1.まず「戻らない」鍵盤数カ所については、口板(くちいた)つまり鍵盤が沈み込むところの手前にある木製の板が、内側に湾曲したために、キーグリップ(鍵盤の先端の白い小口)が口板に接触して戻らなくなったことが判明。ISAMU. H氏が口板の内側2箇所にゴムを挿入することで解決した。
なぜ口板が内側に湾曲したかというと、ピアノ運送会社が養生をしっかりして、緩衝材でピアノをぐるぐる巻きにして、これでもか、と締め付けたから。その程度でふつう口板は湾曲しないものであるが、この口板はP技研工業のN氏が、半分ほどの厚さに削ったものだ。なぜ口板を半分に削ったかというと、鍵盤全体を、8㎜ほど前方に出したからだ。なぜ8㎜ほど前方に出したかというと、鍵盤のバランスが不適当だったからである。
ピアノは、バランスレールのピンを支点として、キーグリップ上に力点があり、キャプスタン・ワイヤーの箇所に作用点がある。コンソール・ピアノの場合(下の5参照)a : b は5:4と決まっている。ところがこのSteinbuhler-Walter社のピアノは、a : b が5:3だったのである!

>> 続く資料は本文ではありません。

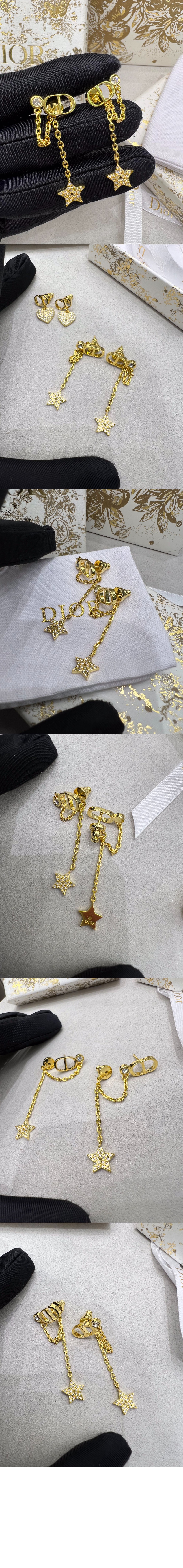 디올 쁘띠 CD 귀걸이 E1282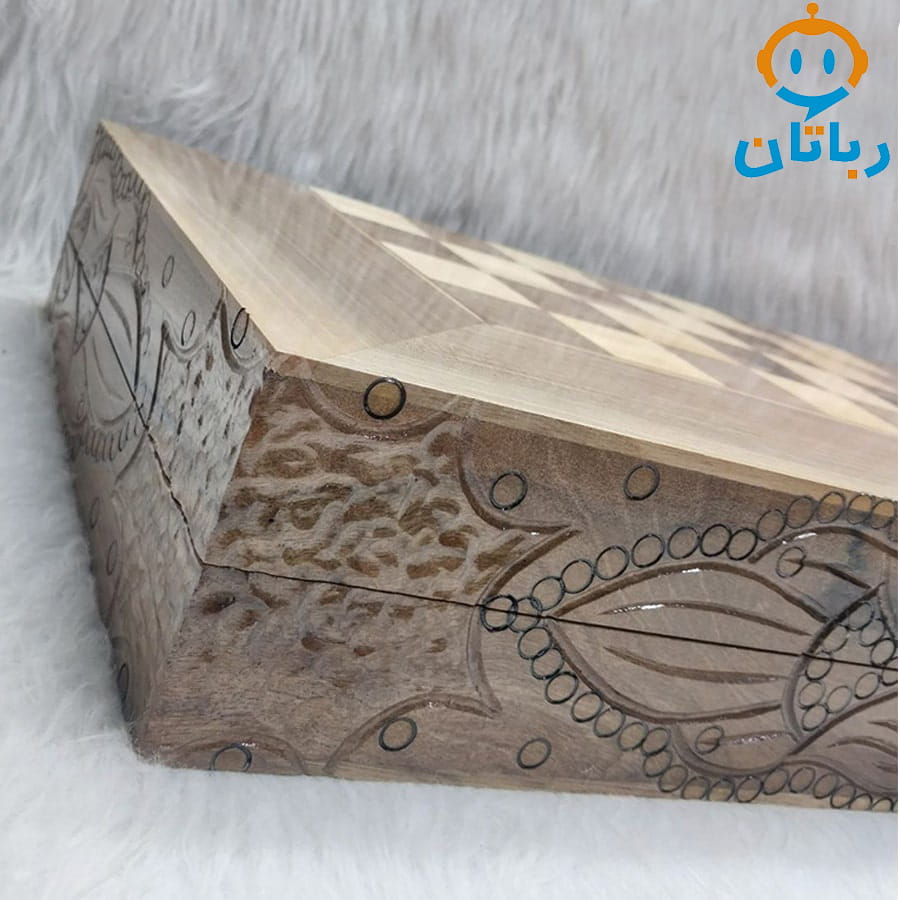 تخته نرد چوب ریشه گردو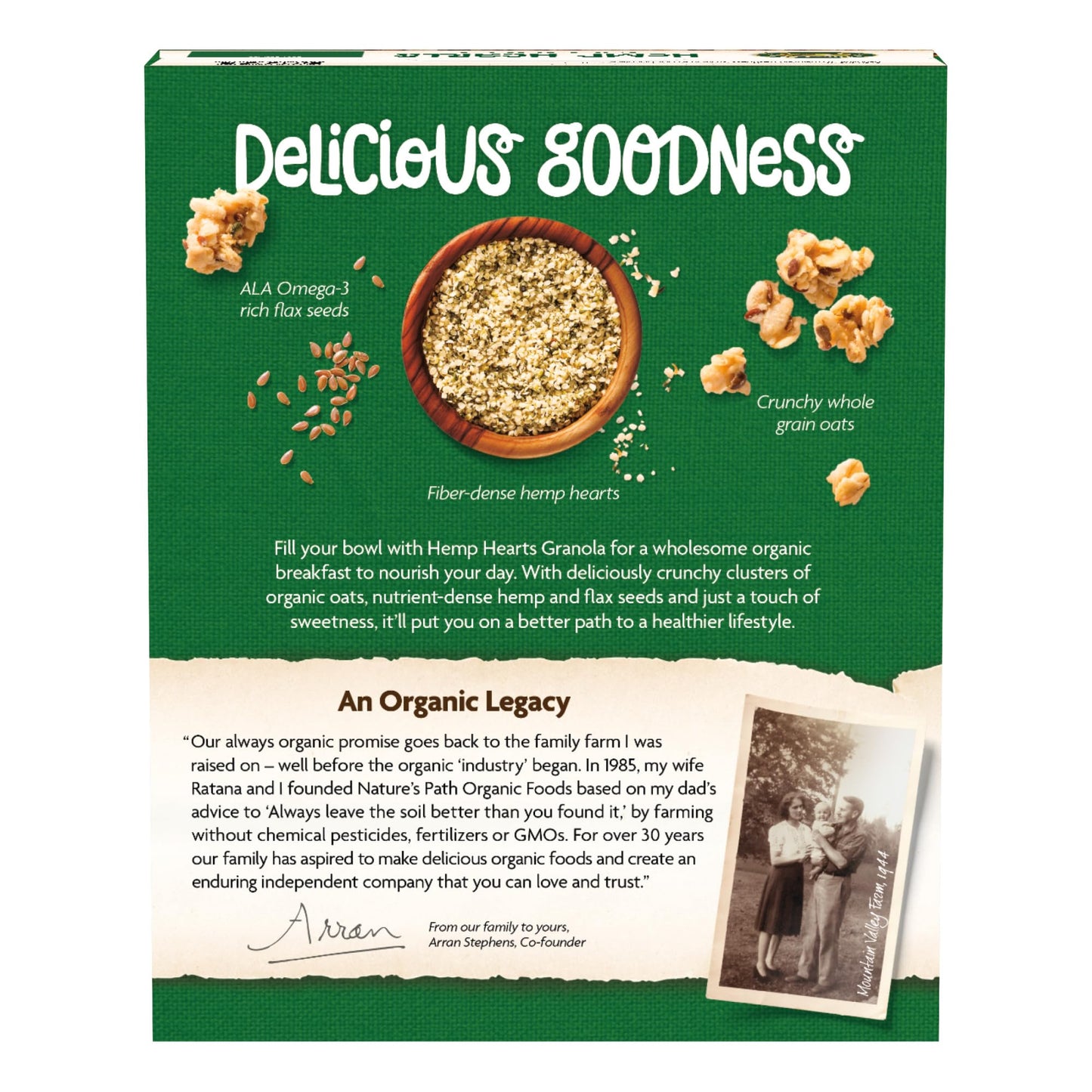 Nature'S Path Organic Hemp Hearts Granola, 11.5 Oz (Pack Of 1), Non-Gmo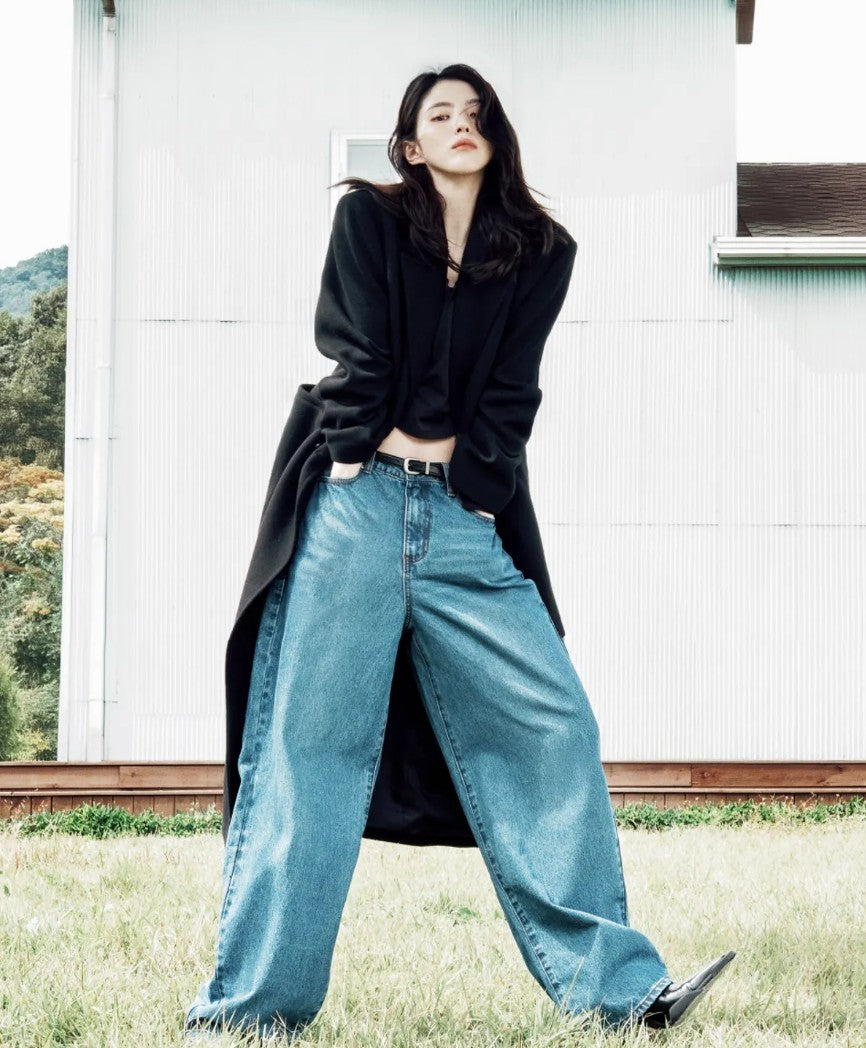 🆕新品上架💖【梨花娘】 韓國品牌무신사 韓韶禧代言長版羊絨大衣外套(7色)🏆韓國連線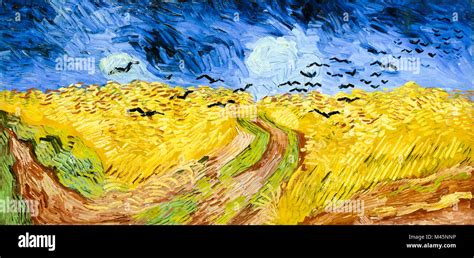 Wheatfield With Crows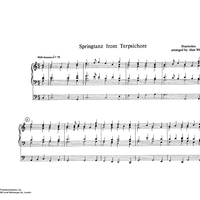 Springtanz from Terpsichore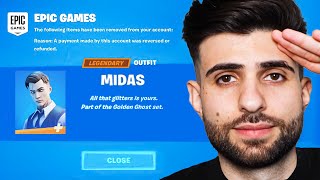 Why Fortnite REMOVED Midas [upl. by Teahan]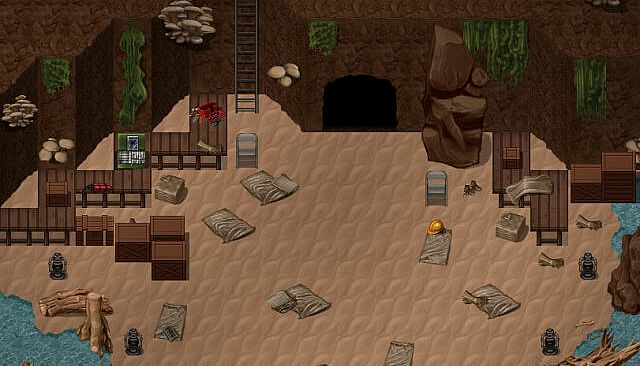 RPG Maker MZ - KR The Motherlode Cave and Mine Tileset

これでは作用点のキャプスタンに伝わる力が別物になってしまう。N氏は悩んだ末に、バランスレールを右側に設置し直し、キャプスタン・ボタンを左後方に設置し直し、全体のバランスを5:4になるように改造した。大改造である。(なおグランドピアノについてはシュタインビューラー氏が自ら設置しているとのことなので、こういうことはないかもしれない。また、Walter社の標準鍵盤ピアノについても、このようなことはないかもしれない。今回はあくまでボク Kurze Finger が入手したアップライト・ピアノ(正確にはコンソール)のデータである。)バランスレールを(上図の)右側に移動したため、鍵盤の先端部分が元々の口板の位置まで進出した次第。それゆえ口板を8㎜ 削って、薄くしたのである。なおISAMU. H氏によると、鍵盤を作るとは、バランスレールも一緒に作るのであって(そうしないとアクションの下に組み込めない)、その他の部分も含めて「鍵盤フレーム」というものを作る。それを、ちょいと調整しながらピアノに組み込むのである。このピアノはそれをしていない、おそらくそれがすべての不具合の根源である。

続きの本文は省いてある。